### Dataset excerpt ###
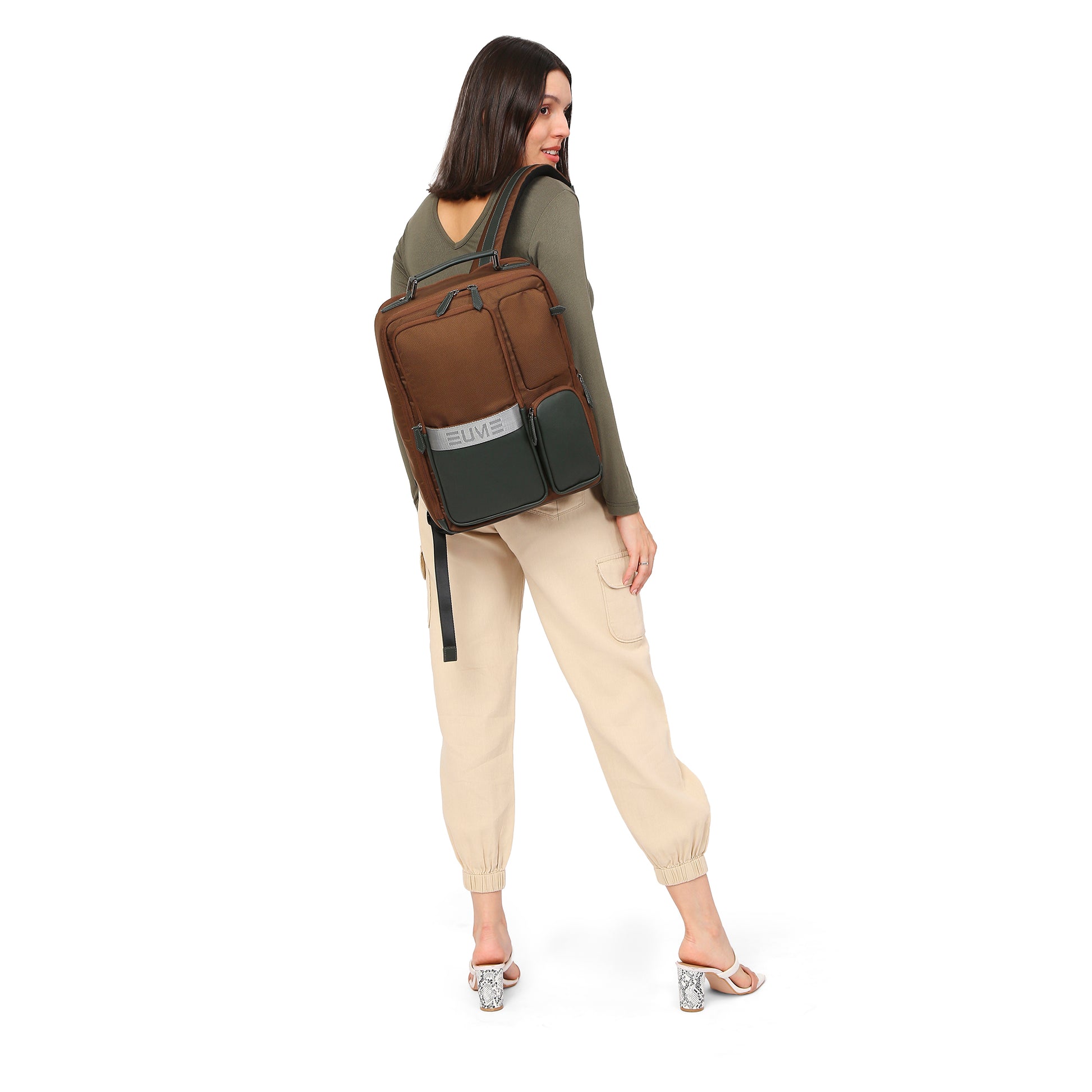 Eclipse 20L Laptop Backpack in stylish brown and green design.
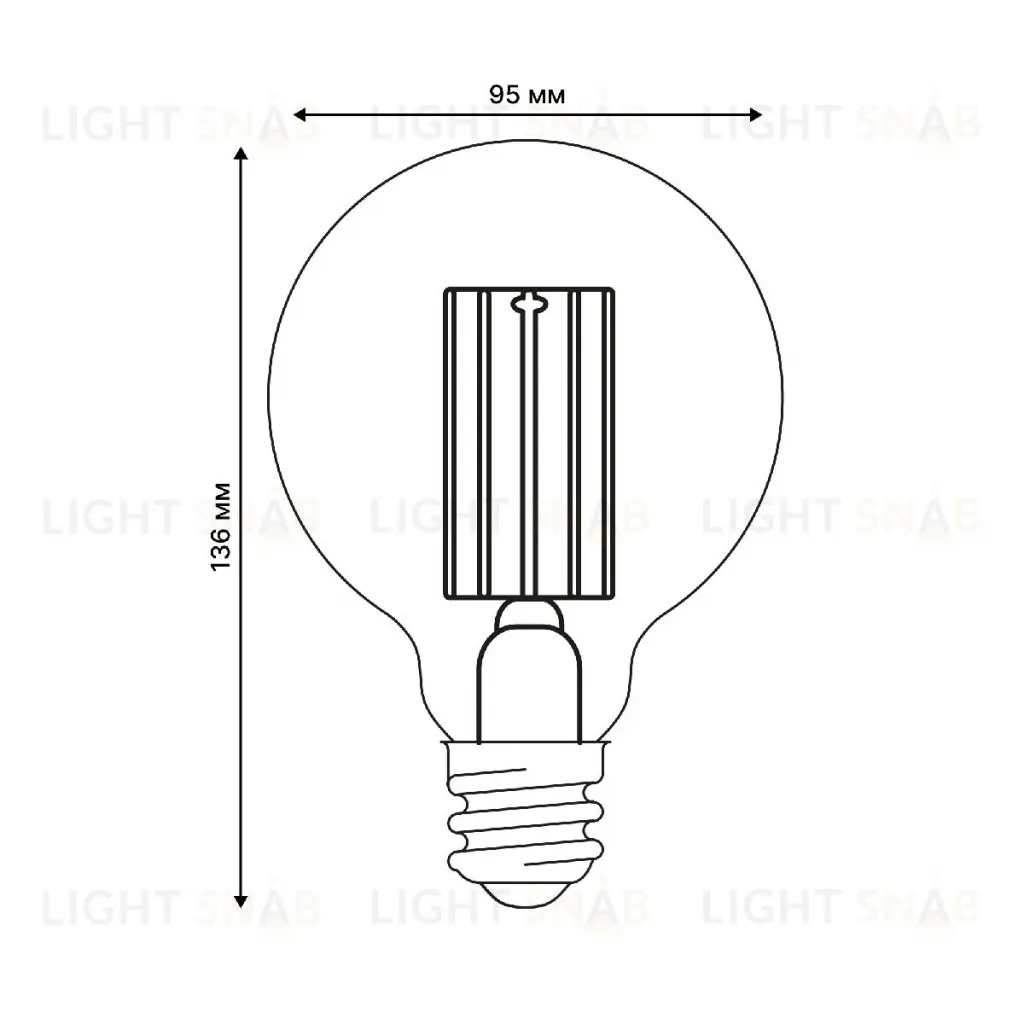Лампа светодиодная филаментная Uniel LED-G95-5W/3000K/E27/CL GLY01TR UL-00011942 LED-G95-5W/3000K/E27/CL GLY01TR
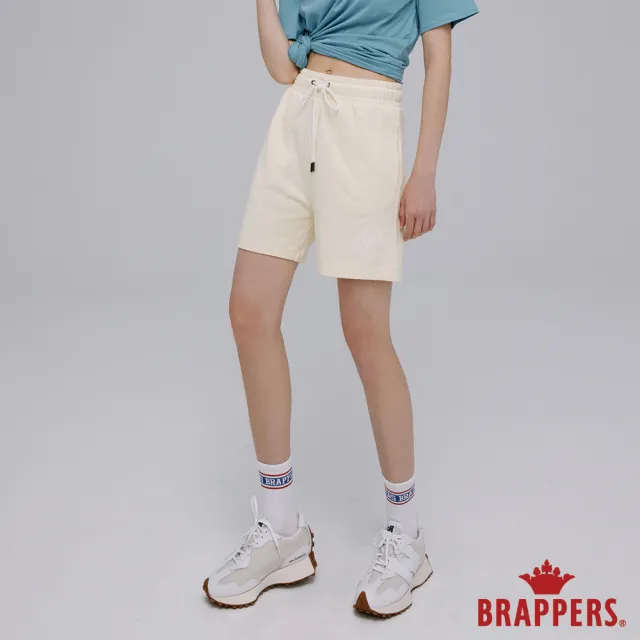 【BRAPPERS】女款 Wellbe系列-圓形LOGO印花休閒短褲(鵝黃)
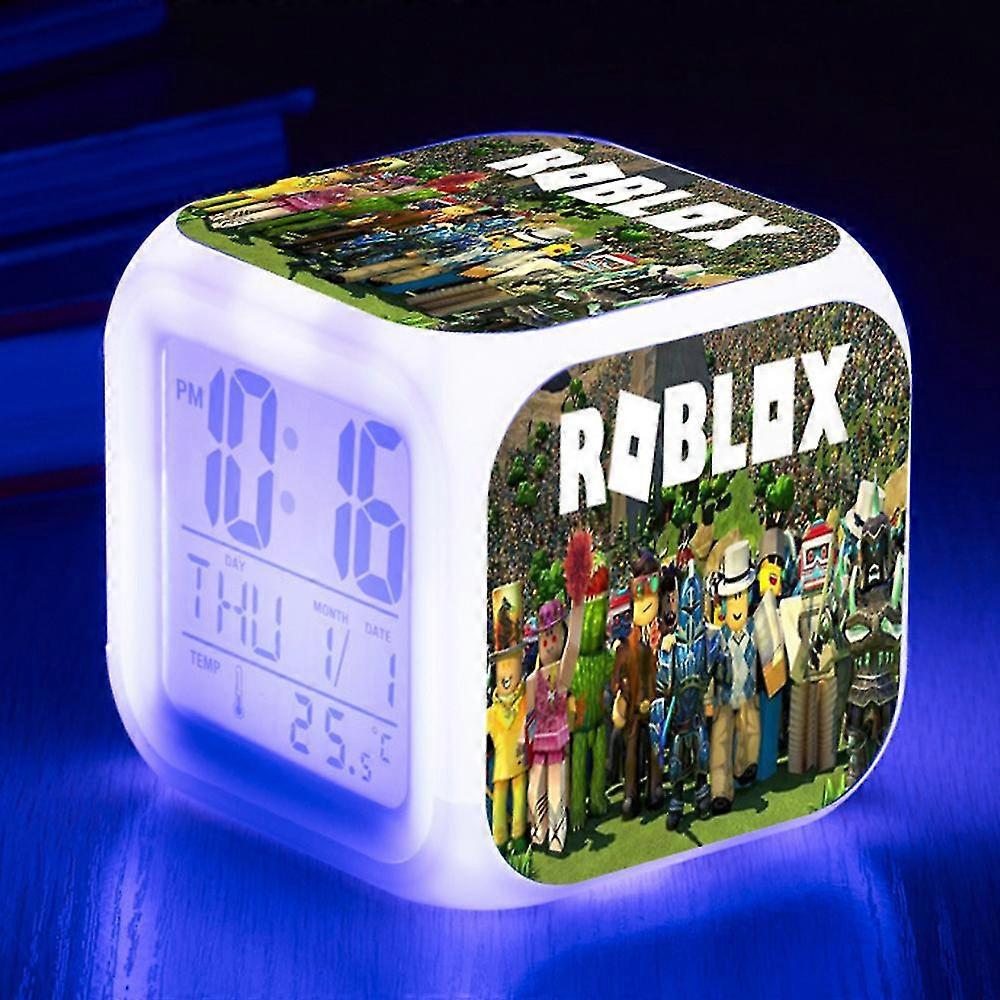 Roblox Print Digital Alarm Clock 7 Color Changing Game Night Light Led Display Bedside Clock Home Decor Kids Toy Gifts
###
▶ **Directions for this task**: Repeat every line of the data above exactly, but drop the pictures.

▶ **Solution for this problem**:
 Eclipse 20L Laptop Backpack in stylish brown and green design.
Лампа светодиодная филаментная Uniel LED-G95-5W/3000K/E27/CL GLY01TR UL-00011942 LED-G95-5W/3000K/E27/CL GLY01TR
 【BRAPPERS】女款 Wellbe系列-圓形LOGO印花休閒短褲(鵝黃)
 Roblox Print Digital Alarm Clock 7 Color Changing Game Night Light Led Display Bedside Clock Home Decor Kids Toy Gifts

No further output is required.